#### Input for this task:
★ ★ ★ ★ ★ ★ ★

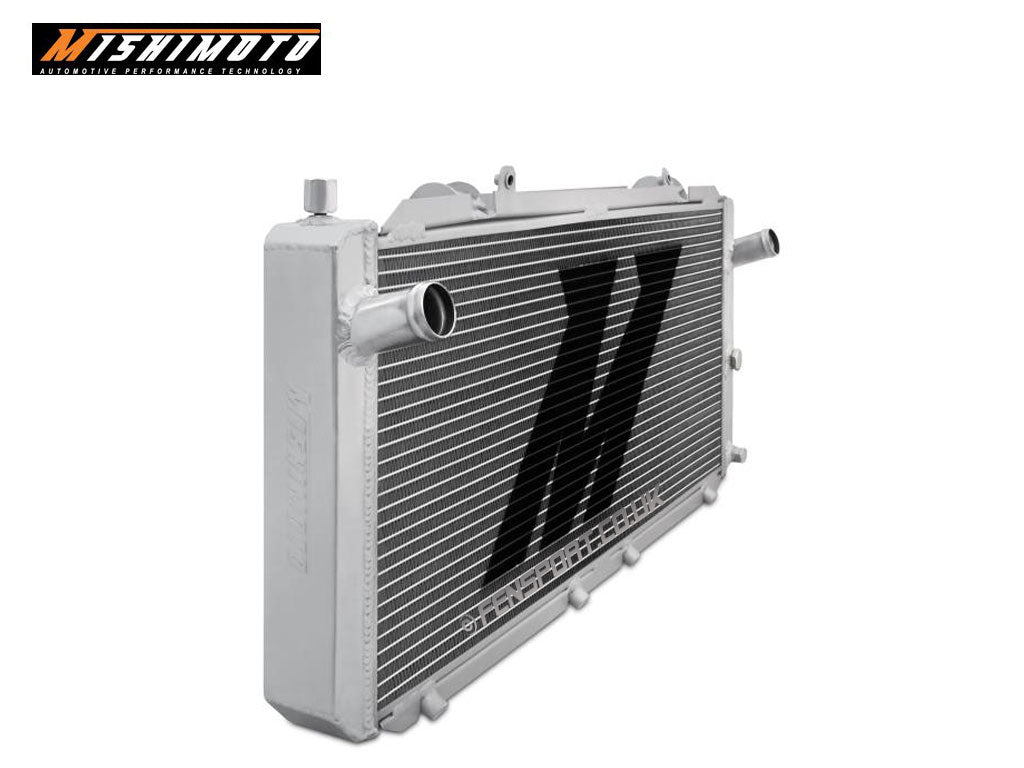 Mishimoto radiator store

★ ★ ★ ★ ★ ★ ★

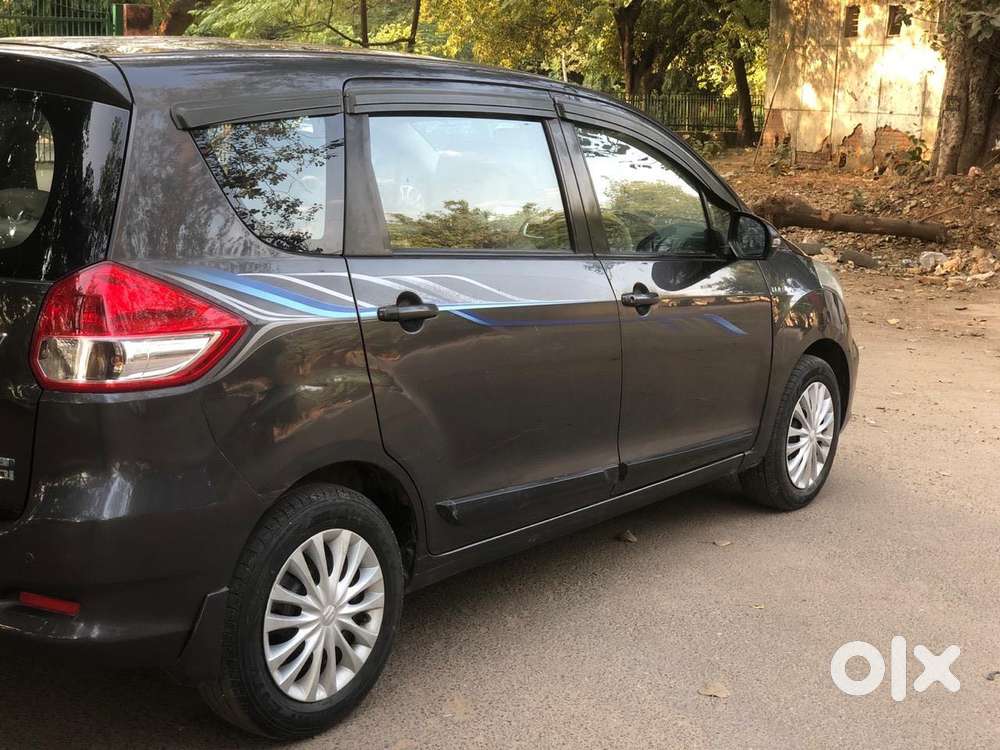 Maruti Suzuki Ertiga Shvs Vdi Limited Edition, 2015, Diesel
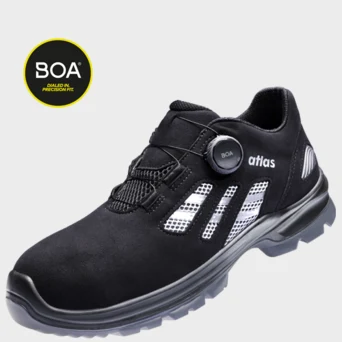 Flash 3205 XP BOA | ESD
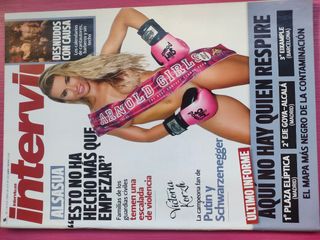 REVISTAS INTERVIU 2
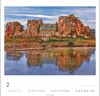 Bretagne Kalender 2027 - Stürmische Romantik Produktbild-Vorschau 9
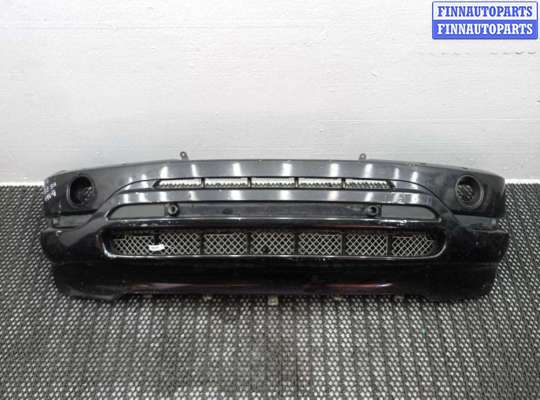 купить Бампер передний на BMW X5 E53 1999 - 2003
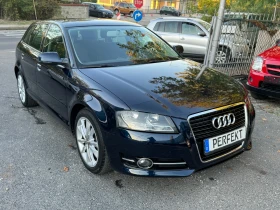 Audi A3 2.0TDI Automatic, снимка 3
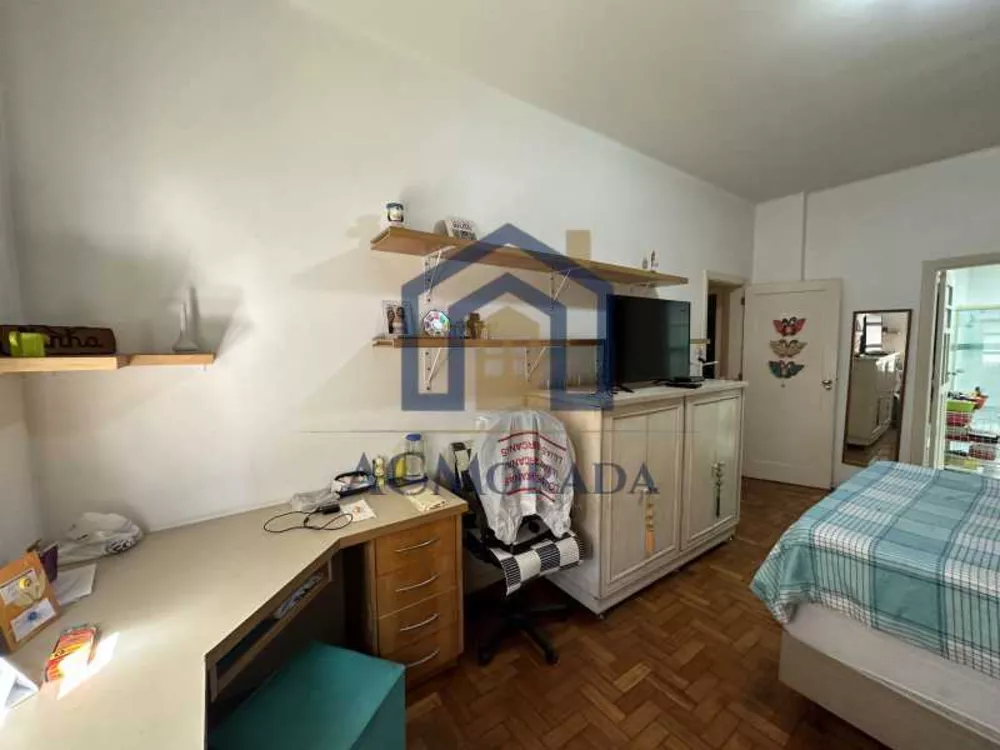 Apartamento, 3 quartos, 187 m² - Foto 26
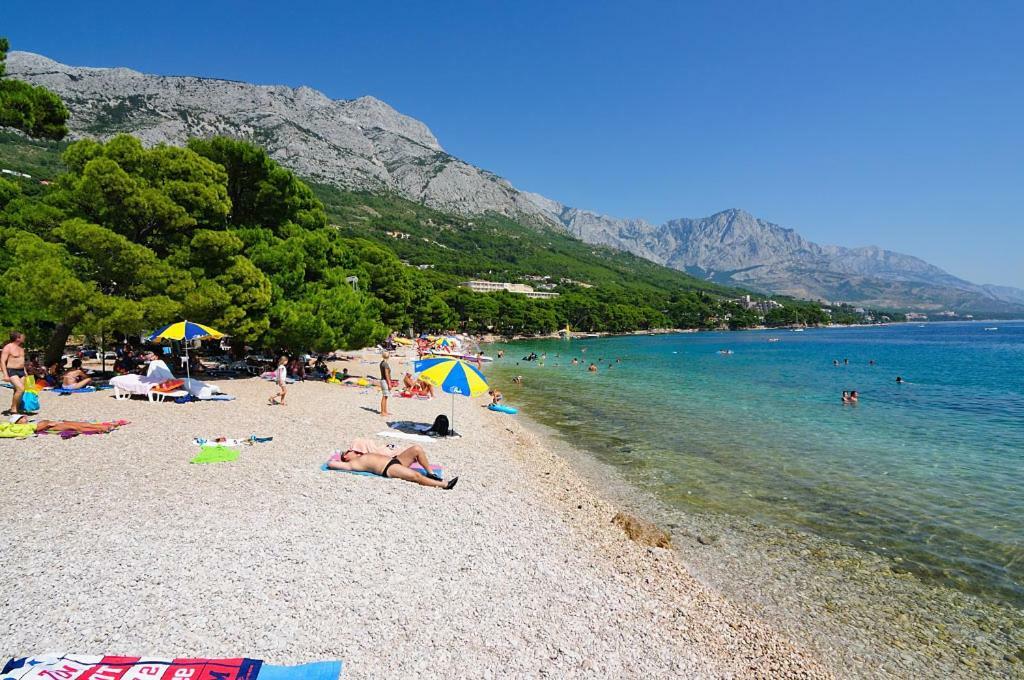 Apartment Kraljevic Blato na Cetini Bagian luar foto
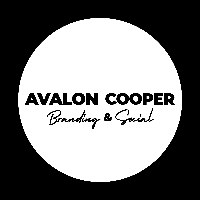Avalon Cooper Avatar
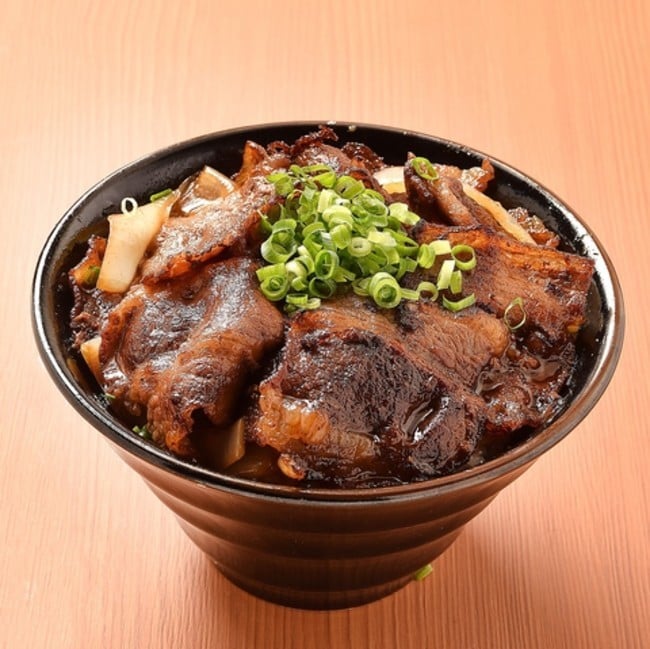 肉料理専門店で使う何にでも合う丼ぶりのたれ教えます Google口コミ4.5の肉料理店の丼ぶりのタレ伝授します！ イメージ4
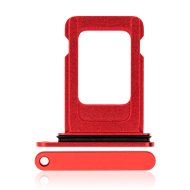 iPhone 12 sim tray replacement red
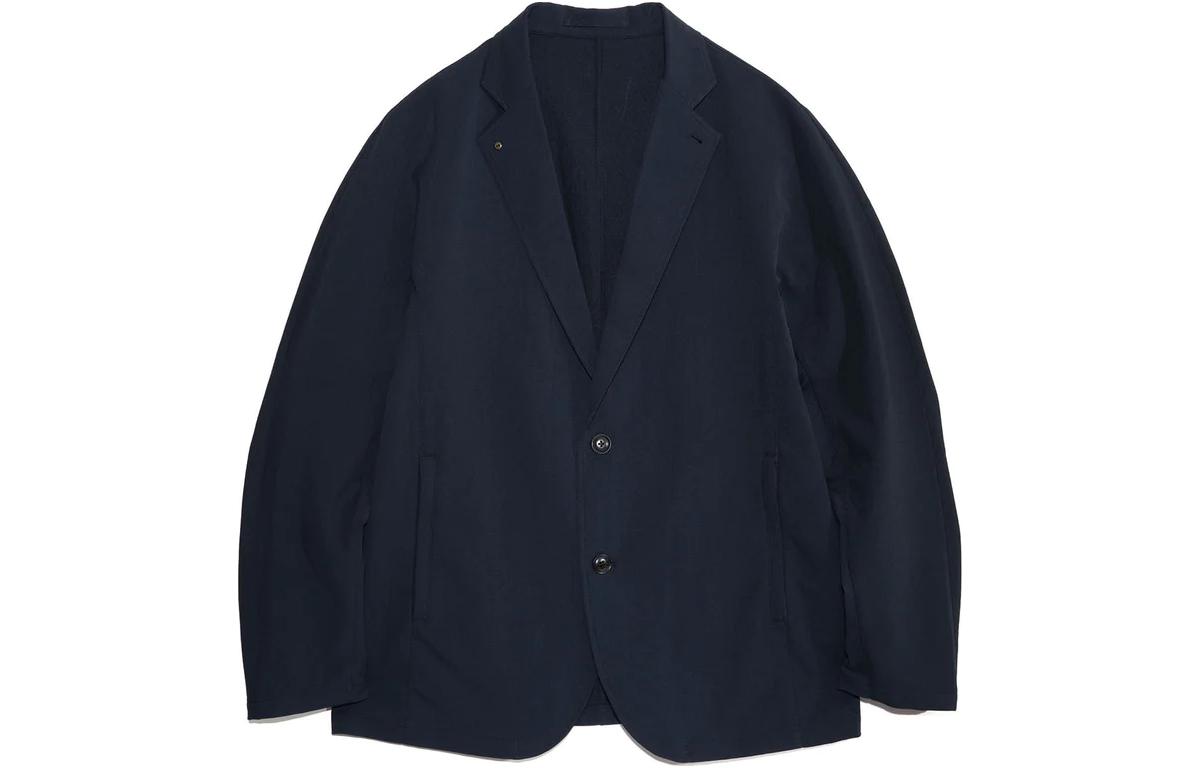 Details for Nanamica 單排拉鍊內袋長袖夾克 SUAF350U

★ ★ ★ ★ ★ ★ ★

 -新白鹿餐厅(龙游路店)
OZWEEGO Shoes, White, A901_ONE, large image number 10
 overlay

★ ★ ★ ★ ★ ★ ★

#### What this task involves:
Transcribe the listing above exactly, but only from the line with "Flash 3205 XP BOA | ESD" through the line with "Details for Nanamica 單排拉鍊內袋長袖夾克 SUAF350U". Include both of those lines and omit the pictures.

#### Response for this exercise:
 Flash 3205 XP BOA | ESD
 REVISTAS INTERVIU 2
 Bretagne Kalender 2027 - Stürmische Romantik Produktbild-Vorschau 9
 купить Бампер передний на BMW X5 E53 1999 - 2003
 Audi A3 2.0TDI Automatic, снимка 3
 Apartamento, 3 quartos, 187 m² - Foto 26
 Apartment Kraljevic Blato na Cetini Bagian luar foto
Avalon Cooper Avatar
 肉料理専門店で使う何にでも合う丼ぶりのたれ教えます Google口コミ4.5の肉料理店の丼ぶりのタレ伝授します！ イメージ4
 iPhone 12 sim tray replacement red
 Details for Nanamica 單排拉鍊內袋長袖夾克 SUAF350U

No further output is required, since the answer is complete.